It was my 2nd year of my journey, and it was strength training specifically. I thought “okay, lets see, maybe I am strong” – strong was never a word i could associate with myself. And then what I focused more and more on is lifting weights, heavier weight over time or more reps. And I realised I was actually strong. I looked forward to progressing on the gym because it felt great to have a target and achieve it, repeatedly. I now valued training instead of just exercising. Training is exercise that takes you toward a certain goal.
And you know what happened? Those mini goals of squatting my body weight became so empowering, and the best part? The “body goals” or “physique goals” I wanted came as a by-product! Double score! Now I eat mostly to support my training and for nourishment, at times even MISS the gym (unimaginable). As a side effect, my weight is usually maintained quite simply around 56-57kg, plus the gainz have given my body a look i had wanted for so long.
Human beings are goal driven – your brain likes goals and loves to seek out ways for you to meet that goal in any way it can.
It doesnt have to be strength training – like it was for me. Calisthenic goals like aiming for pistol squat or 10 bodyweight pull ups, or yoga goals such as achieving a certain position requiring mobility and flexibility, keeps you motivated to keep going and takes the pressure off wanting purely a look-a-certain-way goal or achieving a number on the scale.
It takes you out of your own mindset of “HAVING to eat or drink or sleep or exercise this way” to eating, drinking and sleeping to support your goals – you will tend to eat more nutrient rich food and value your sleep to recover; you will tend to drink less alcohol because you realise the hangovers are not worth it; and you will come to respect your body and it’s abilities. Which brings me to the next point…
4. Realise the ability to move your body is a gift and not a chore
Your body is a gift, an actual freaking miracle. Not only is it the only one you will have for your entire life, but it is capable of so much wonder. It can keep going even when you think it cannot. It heals and can tolerate quite a bit of wear and tear – too much alcohol, not enough water, not enough sleep, too little or too much food, injury and trauma, extremes of weather etc
The ability of your body to display strength and to move is a marvel. It is capable of so much and if you have the ability to train your body to move better is it not to be explored? We may not all be Usain Bolts or Michael Phelps’ but we are capable and strong.
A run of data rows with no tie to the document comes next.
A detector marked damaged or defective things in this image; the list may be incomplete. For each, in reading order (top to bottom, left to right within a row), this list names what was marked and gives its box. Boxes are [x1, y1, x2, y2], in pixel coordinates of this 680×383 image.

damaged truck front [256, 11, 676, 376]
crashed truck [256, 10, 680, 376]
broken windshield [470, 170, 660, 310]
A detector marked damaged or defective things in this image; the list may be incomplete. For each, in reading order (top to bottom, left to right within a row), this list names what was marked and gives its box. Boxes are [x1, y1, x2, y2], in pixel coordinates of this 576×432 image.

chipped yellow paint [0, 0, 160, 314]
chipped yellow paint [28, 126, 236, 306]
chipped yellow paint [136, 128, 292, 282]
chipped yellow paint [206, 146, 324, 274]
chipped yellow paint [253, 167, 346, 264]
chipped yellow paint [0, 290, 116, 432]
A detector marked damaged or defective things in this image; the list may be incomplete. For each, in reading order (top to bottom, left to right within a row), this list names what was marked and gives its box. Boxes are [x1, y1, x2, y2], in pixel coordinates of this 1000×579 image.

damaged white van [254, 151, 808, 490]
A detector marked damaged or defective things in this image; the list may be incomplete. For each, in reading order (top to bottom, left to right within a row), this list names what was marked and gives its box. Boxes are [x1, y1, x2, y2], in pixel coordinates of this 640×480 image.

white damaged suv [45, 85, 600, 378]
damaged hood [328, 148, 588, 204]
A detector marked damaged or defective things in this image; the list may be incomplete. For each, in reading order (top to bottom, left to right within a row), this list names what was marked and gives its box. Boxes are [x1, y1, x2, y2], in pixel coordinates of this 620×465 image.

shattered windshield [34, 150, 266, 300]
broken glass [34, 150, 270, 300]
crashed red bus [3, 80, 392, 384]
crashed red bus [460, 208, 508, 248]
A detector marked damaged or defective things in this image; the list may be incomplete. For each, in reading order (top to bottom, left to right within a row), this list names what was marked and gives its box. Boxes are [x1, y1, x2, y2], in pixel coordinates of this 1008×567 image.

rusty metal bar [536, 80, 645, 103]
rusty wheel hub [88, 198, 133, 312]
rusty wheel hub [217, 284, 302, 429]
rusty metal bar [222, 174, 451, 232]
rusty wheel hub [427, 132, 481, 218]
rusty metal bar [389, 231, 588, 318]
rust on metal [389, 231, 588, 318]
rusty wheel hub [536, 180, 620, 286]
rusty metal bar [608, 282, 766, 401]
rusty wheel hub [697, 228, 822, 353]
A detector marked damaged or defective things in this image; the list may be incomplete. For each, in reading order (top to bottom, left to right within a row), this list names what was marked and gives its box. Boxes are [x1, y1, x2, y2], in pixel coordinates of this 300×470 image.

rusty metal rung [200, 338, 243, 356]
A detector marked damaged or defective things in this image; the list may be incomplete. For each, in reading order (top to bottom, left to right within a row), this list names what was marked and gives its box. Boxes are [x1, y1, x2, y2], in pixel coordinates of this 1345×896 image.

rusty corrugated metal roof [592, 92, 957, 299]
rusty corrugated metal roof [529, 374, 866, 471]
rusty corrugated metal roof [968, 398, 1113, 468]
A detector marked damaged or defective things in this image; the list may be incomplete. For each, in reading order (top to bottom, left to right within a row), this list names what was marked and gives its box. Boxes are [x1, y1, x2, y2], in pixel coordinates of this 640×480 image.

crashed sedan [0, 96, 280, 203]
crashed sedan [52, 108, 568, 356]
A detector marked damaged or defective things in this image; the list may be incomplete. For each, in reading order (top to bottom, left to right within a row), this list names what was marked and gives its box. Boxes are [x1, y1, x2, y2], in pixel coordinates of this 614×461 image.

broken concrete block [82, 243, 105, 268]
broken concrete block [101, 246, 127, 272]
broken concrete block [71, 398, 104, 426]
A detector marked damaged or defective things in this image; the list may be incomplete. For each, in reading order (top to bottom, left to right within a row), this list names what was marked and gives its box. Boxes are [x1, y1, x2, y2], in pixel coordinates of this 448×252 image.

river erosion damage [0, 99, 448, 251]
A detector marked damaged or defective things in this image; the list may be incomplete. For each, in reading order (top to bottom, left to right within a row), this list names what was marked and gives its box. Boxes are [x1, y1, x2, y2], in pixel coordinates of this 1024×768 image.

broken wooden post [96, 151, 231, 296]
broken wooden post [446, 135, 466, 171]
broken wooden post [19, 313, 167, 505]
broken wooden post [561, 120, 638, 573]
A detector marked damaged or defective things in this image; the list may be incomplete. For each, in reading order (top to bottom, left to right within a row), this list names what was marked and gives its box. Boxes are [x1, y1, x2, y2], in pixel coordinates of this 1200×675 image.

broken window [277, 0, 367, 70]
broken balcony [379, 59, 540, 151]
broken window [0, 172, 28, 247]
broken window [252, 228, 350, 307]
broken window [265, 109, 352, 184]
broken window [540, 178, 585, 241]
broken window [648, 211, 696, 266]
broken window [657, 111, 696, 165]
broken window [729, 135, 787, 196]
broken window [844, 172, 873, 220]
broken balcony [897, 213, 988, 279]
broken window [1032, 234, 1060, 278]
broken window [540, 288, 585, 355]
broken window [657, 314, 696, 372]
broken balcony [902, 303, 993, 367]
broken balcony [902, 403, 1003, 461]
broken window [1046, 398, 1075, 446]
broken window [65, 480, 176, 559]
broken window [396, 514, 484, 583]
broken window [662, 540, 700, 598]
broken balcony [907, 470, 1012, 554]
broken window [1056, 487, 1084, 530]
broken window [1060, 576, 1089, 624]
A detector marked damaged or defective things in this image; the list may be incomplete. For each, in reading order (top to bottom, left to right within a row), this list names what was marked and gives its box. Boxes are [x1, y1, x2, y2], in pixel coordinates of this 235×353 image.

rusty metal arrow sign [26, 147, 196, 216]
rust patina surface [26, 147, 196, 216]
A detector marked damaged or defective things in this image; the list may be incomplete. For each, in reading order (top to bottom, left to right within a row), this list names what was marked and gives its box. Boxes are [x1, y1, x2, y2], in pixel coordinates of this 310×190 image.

Would you not like to know just how far we can go with our body? Nourish it and care for it, take it for a ride and see how fast it can go; how flexible and strong it can be. And appreciate the life-long support it will give you.
5. Find your BIG WHY
You will need to have an intrinsic reason why you want to take on this journey. It could be to have more energy to take care of your parents/children, to take your health back into your own hands, to feel more energetic during the day, to discipline yourself, to look in the mirror and feel proud and inspired by yourself, etc
The internal drive will keep you going AFTER the days where you lose track and have a binge or drink 2 bottles of wine in a day. It will keep you waking up at 5 am to run or do those push ups because the truth is, quite often, you will just NOT feel like doing it. Motivation is a fleeting dream, it does not last.
Your big WHY the most important and the one I would say to take your time to find, and it will guide you towards your path of a successful, sustainable and enjoyable journey.